Bir varlığın üzerinden, en üst düzey faydanın sağlanabilmesi, öncelikle kontrolü gerektirecektir. Bu; tam ve gerçek bir kontrolün gereğidir. Varlığa; fiziki olarak ulaşmak, elde etmek, varlığın; ekonomik bir varlık olabilme konseptini hayata geçirmek, hedef kitlenin ihtiyaç düzeyine uygun arzını oluşturmak ve pazarlamak…
Kısacası; siber çılgınlık "siberpunk" bu noktada kapitalizmin prensi haline geliyor. Bilim ve teknolojinin birlikte anıldığı yıllar, ticaretin, finans ekonomisine doğru yönelmesine neden olduğu dönemlerdir. Finans ekonomisiyle, madde üzerinde bazı suistimaller keşfedilmiş, varlığın ürünleşme sürecine odaklanılmıştır. Ürünleşen her varlık, hammadde olarak kabul görmüş, belli oranlarda da finansal argüman haline dönüşmüştür. Dönüşümün ilk aşamaları, hammaddenin ürünleşmesinden kısa bir süre sonra; üretim, arz ve talep potasında uzun yıllar kendisini unutturmuştur. Sermaye ve diğer üretim faktörleri (toprak, emek) arasındaki soğuk savaş, daha çok sermaye karakterli fabrika ve makineleşmeyi var etmiştir. Toprak ve emeğin verimi olan mahsul de dönüşümden payını almış, türevlerine ayrılmıştır.

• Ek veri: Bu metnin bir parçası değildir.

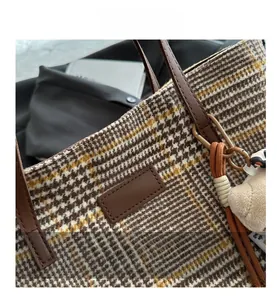 Detail der Houndstooth-Tasche mit hochwertigen Nähten und braunen Ledergriffen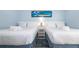Comfortable bedroom featuring two beds, soft lighting, and calming decor for a relaxing stay at 3000 Gulf Dr # 3, Holmes Beach, FL 34217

Tarımda mahsule dayalı pazar ekonomisi, yerini, kentleşmeye dayalı ürün ekonomisine bırakmıştır.
Böyle bir fırsatın, kapital sistemin gözünden kaçması bir kenara, üretim faktörleri içerisindeki bu dönüşüm, kapitalizmin dinamik esası olarak kabul görmüştür.
İçinde bulunduğumuz dijital dönüşüm, teknolojik dönüşüm gibi isimlerle anılan dönem, bir çok olgunun keskinleştiği bir dönemdir. İnsanların farkındalık gücü geçmişine nazaran daha monotonlaşmıştır. Birçok farklı olumsuz etken, toplum üzerinde çoğunluğa uyma dürtüsünü öne çıkarmıştır. Böylece; sürü psikolojisi, toplumlara, kendini en güvenli liman olarak telkin etmeye başlamıştır.
Bilinmezlerden korunma iç güdüsüyle hareket eden insanlığın geldiği bu nokta, finansal, ticari ve ekonomik bazı odaklar tarafından ciddi destek görüyor. İçinde bulunduğumuz sürecin, dijital dönüşüm olarak adlandırılması da bu desteği teyit ediyor.
Yüksek teknoloji ve düşük yaşam koşulları hedeflerinin, uzun yıllardan beri tuttuğunu görmek, siberpunk'ı kadim bir olgu haline getirmiştir. Bu olgunun toplum üzerindeki belirgin yan etkisi; ihtiyaç oluşturma, oluşturulan ihtiyacın, toplumca kabul edilmesi ve giderilmesi güdüsüyle, sürü psikolojisi bağımlılığının güçlenmesi şeklinde kendini göstermektedir.
Bu kültür; bilim ve teknolojinin hızlı bir şekilde ilerlediği, fakat toplumların büyük bir kısmının yaşam kalitesinin oldukça düşük seyrettiği bir dünya kültürü halinde gelişmeye devam ediyor. Bilim ve teknolojinin en ileri olduğu bu düzeye rağmen; toplumsal refahın en alt düzeyde kalması, yaşadığımız teknolojik imkanların sadece kullanıcı teknolojisi düzeyinde olduğunu bizlere öğretiyor.
Kullanıcı teknolojileri, kapitalist sistemin; varlığı ve varlığın finansal ve ekonomik olarak tüm aşamalarını kontrol etmeye yönelik önlemleri gereği en geniş taleple pazardaki varlığını sürdürülebilir halde devam ettiriyor.